INPUT.
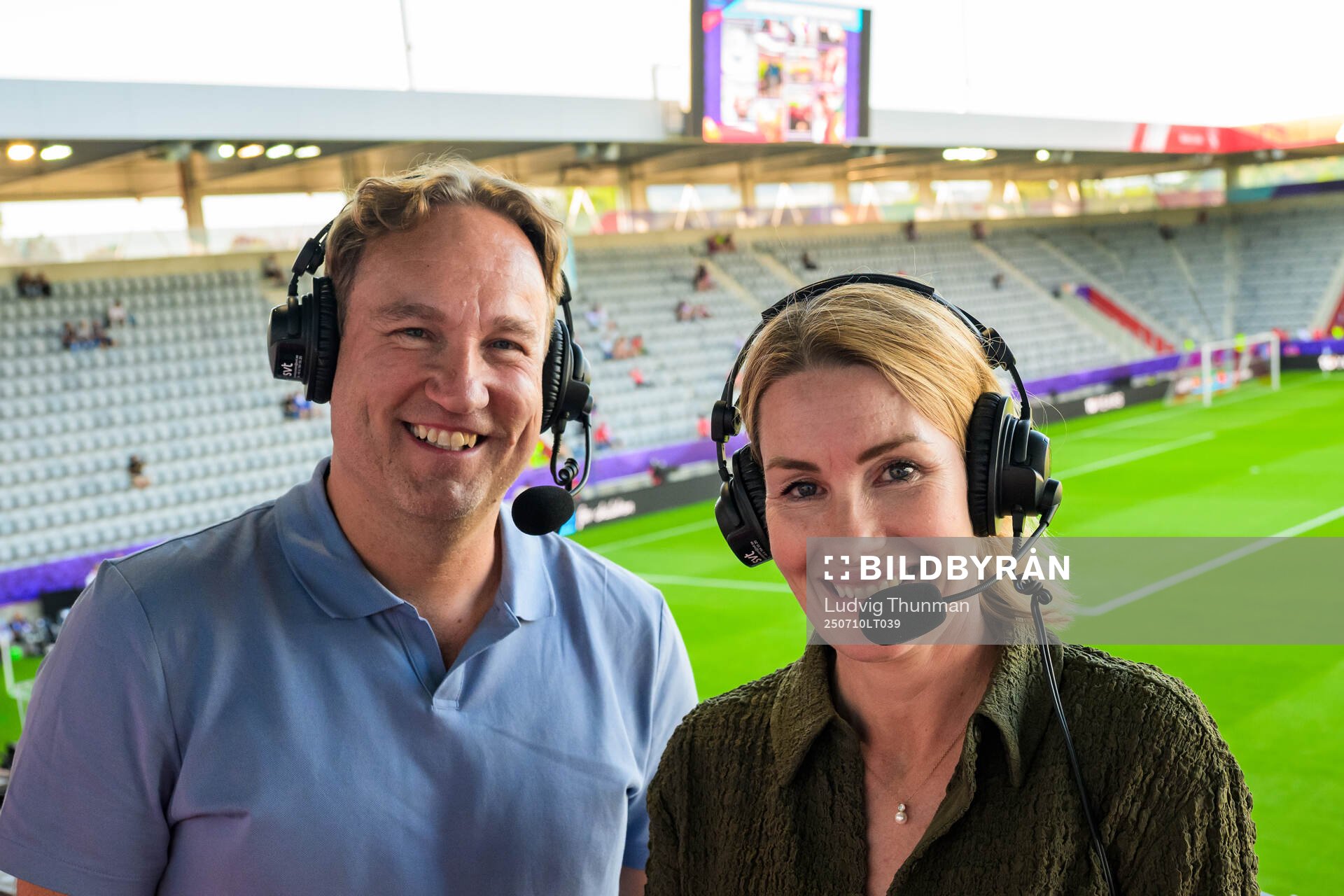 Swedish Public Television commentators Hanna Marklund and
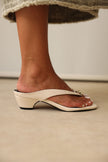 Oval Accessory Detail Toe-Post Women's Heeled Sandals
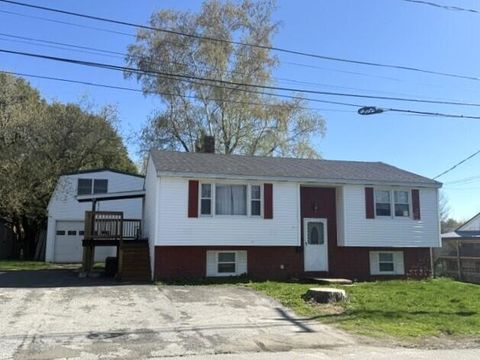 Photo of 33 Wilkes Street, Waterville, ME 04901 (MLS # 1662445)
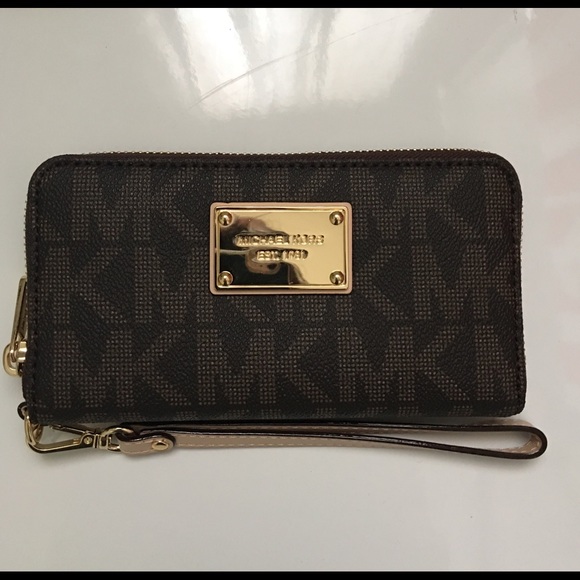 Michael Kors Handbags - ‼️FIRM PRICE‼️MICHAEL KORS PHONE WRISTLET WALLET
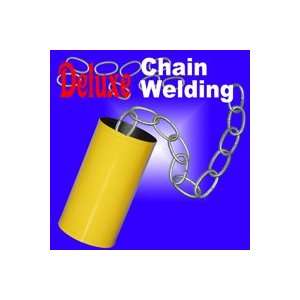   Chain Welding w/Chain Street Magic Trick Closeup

TASK PROMPT. Please ensure that the data above is repeated exactly, with no pictures in the copy.

WRITTEN ANSWER.
 Swedish Public Television commentators Hanna Marklund and
 Oval Accessory Detail Toe-Post Women's Heeled Sandals
 Photo of 33 Wilkes Street, Waterville, ME 04901 (MLS # 1662445)
 Michael Kors Handbags - ‼️FIRM PRICE‼️MICHAEL KORS PHONE WRISTLET WALLET
   Chain Welding w/Chain Street Magic Trick Closeup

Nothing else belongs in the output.